[SUPPLIED MATERIAL]
☆ ☆ ☆

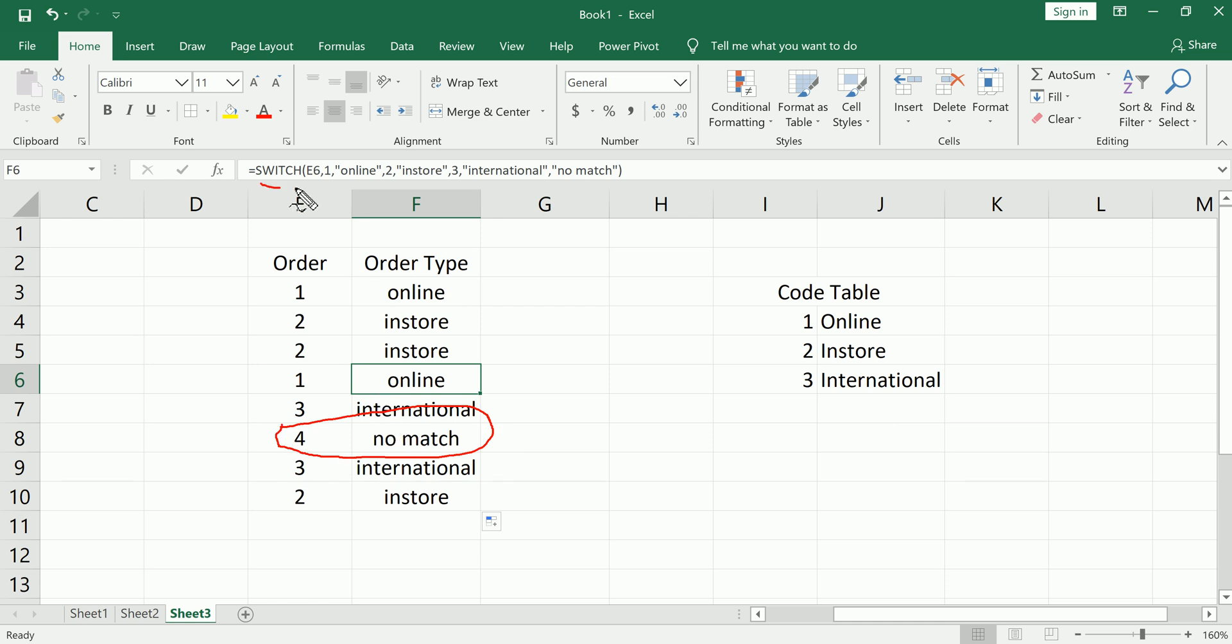So that's the switch function new in Excel 2019. Hope that this was helpful. Be sure to subscribe, like and share and watch the rest of my tutorial videos on Jalear Academy. Till next time, have a great day.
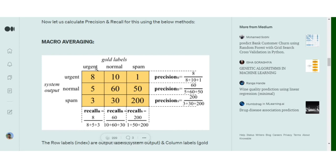For the urgent class, the true positive value is 8 because out of all the urgents, the system correctly detects 8. The remaining 10 plus 1 form our false positives — they didn't belong to the class but the system detected them as urgent. So following the precision formula, true positive upon true positive plus false positives gives 8 upon 8 plus 11, which forms the precision for the urgent class only. Moving to the second class, precision for the normal class: the system detects 60 mails as normal — that becomes our true positive — and the remaining 5 plus 50 become the false positive.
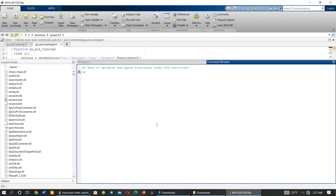Welcome to this YouTube channel. I will show you how to optimize and apply a fractional order PID controller. In order to apply any fractional order systems, we have to use the fotf function — here, 's' is equal to fotf.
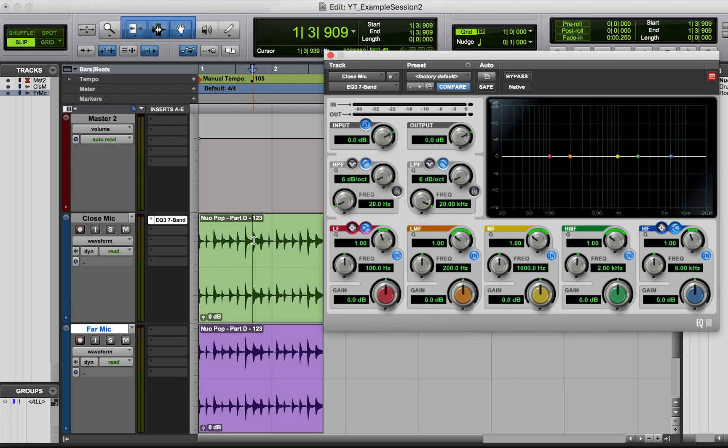And what this does is when I click this in here, it's active, and what that does is it flips the waveform 180 degrees. So one way you can do it is you can listen to your audio and you can hit this back and forth. And if it sounds better with the phase flipped, then it's probably closer to being 180 degrees out of phase than it is to being in phase.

☆ ☆ ☆

[EXERCISE] When you repeat the listing, keep it exact and leave the pictures behind.

[EXERCISE OUTPUT]
So that's the switch function new in Excel 2019. Hope that this was helpful. Be sure to subscribe, like and share and watch the rest of my tutorial videos on Jalear Academy. Till next time, have a great day.
For the urgent class, the true positive value is 8 because out of all the urgents, the system correctly detects 8. The remaining 10 plus 1 form our false positives — they didn't belong to the class but the system detected them as urgent. So following the precision formula, true positive upon true positive plus false positives gives 8 upon 8 plus 11, which forms the precision for the urgent class only. Moving to the second class, precision for the normal class: the system detects 60 mails as normal — that becomes our true positive — and the remaining 5 plus 50 become the false positive.
Welcome to this YouTube channel. I will show you how to optimize and apply a fractional order PID controller. In order to apply any fractional order systems, we have to use the fotf function — here, 's' is equal to fotf.
And what this does is when I click this in here, it's active, and what that does is it flips the waveform 180 degrees. So one way you can do it is you can listen to your audio and you can hit this back and forth. And if it sounds better with the phase flipped, then it's probably closer to being 180 degrees out of phase than it is to being in phase.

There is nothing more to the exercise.